Hari ini saya merasa seperti tersesat dalam banyak pertanyaan yang belum mampu saya jawab ketika hadir di sebuah festival budaya yang diselenggarakan oleh pemerintah kabupaten tempat lahir saya, Timor Tengah Selatan. Saya datang tanpa rencana dan tertawan begitu saja oleh banyaknya kain tenun dengan ratusan motif yang menandakan keanekaragaman subetnis kabupaten TTS. Ada cerita dari masing-masing lembar kain. Ada nilai, roh dan makna yang dalam di sana. Menenun adalah wujud pemikiran dan rasa tertinggi dari perempuan Timor Tengah Selatan. Saya lantas memikirkan hal ini...
Coba Anda perhatikan kain-kain berikut.
Indah, ajaib, super, fantastik, entah kata apa lagi. Pernahkah berpikir lebih jauh, tentang daya imajinasi, kreatifitas, pemaknaan yang dalam, kemampuan matematis, daya ingat, dan hal kompleks lainnya?

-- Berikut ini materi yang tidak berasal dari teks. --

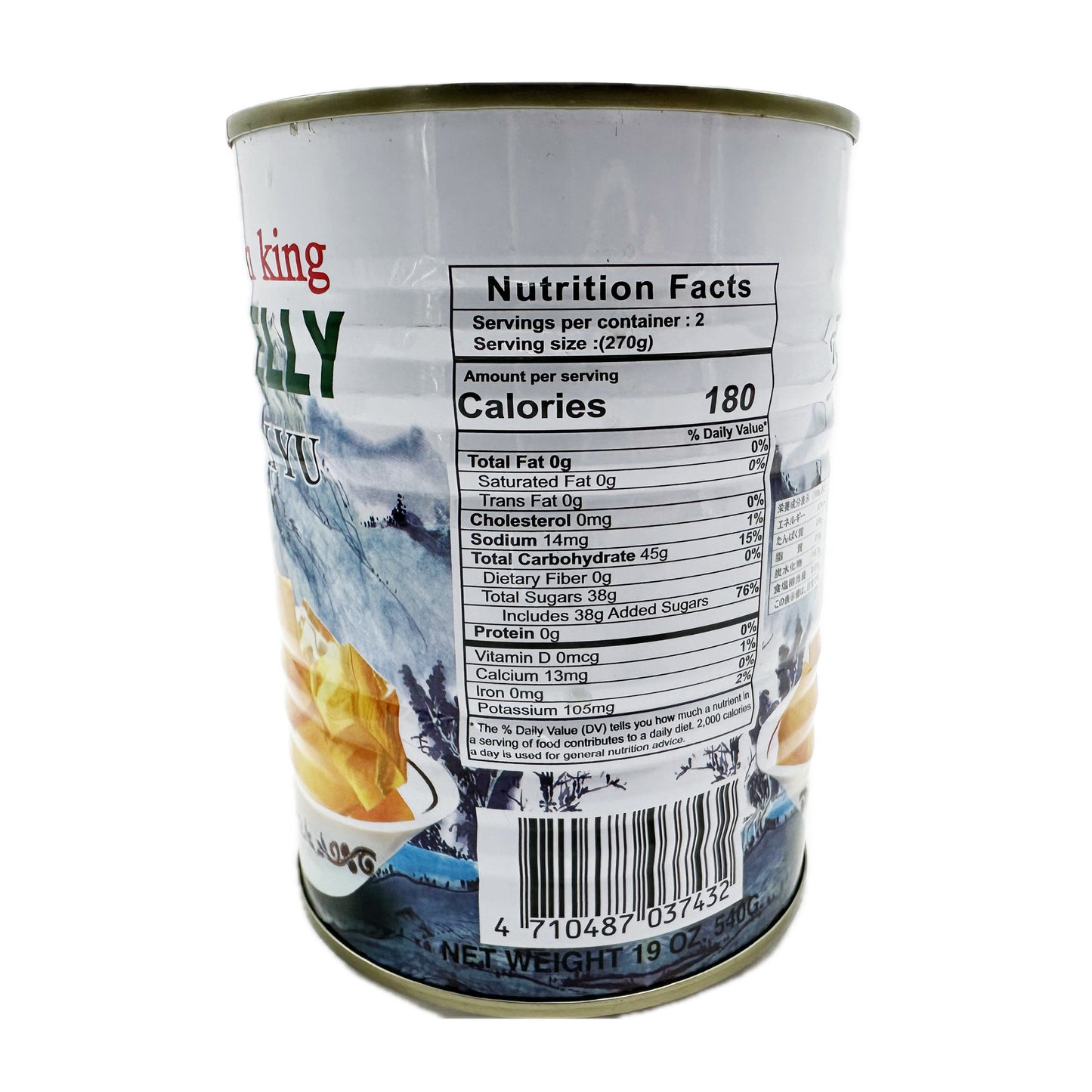 Golden King Yellow Ai Yu Jelly Gelee Ai Yu - 19oz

Pernahkah sejenak berpikir lebih jauh dari sekadar kagum, bahwa kain-kain ini diciptakan oleh perempuan-perempuan luar biasa dari TTS? Dengan melibatkan segala bentuk olah pikir-olah rasa. Perhitungan yang begitu cermat dan cinta yang dalam. Kawan, kekayaan ini, harta karun ini, diciptakan oleh perempuan-perempuan TTS.
TTS, Timor Tengah Selatan.
Kabupaten yang harus kita akui, dengan sedih, masih menyumbang begitu banyak problem TKI tak berdokumen lengkap, human trafficking hingga dugaan korban penjualan organ tubuh? Perempuan yang dikepalanya tersimpan harta karun tadi. Mereka yang terbujuk rayu mencari hal-hal semu di luar sana. Ada yang salah. Lalu apa?
Terus terang, saya masih terus merinding ketika pulang dan menjauh dari ribuan lembar kain beraneka motif luar biasa di festival tadi. Begitu luar biasanya kekayaan intelektual perempuan TTS. Tapi di motor saya terus diingatkan, bahwa hingga detik ini saudara-saudara perempuan kita dari TTS masih saja menjadi korban perdagangan orang.
Apa yang sedang terjadi? Apa yang salah? Menutup pertanyaan refleksi ini, saya teringat cuplikan wawancara aktivis yang gigih mengadvokasi korban human trafficking, Romo Leo Mali, Pr, kepada ucanews.com.
"Terlalu banyak orang yang belum melihat masalah human trafficking atau perdagangan manusian sebagai sebuah isu serius, termasuk warga Gereja. Belum banyak yang peduli, termasuk Gereja itu sendiri."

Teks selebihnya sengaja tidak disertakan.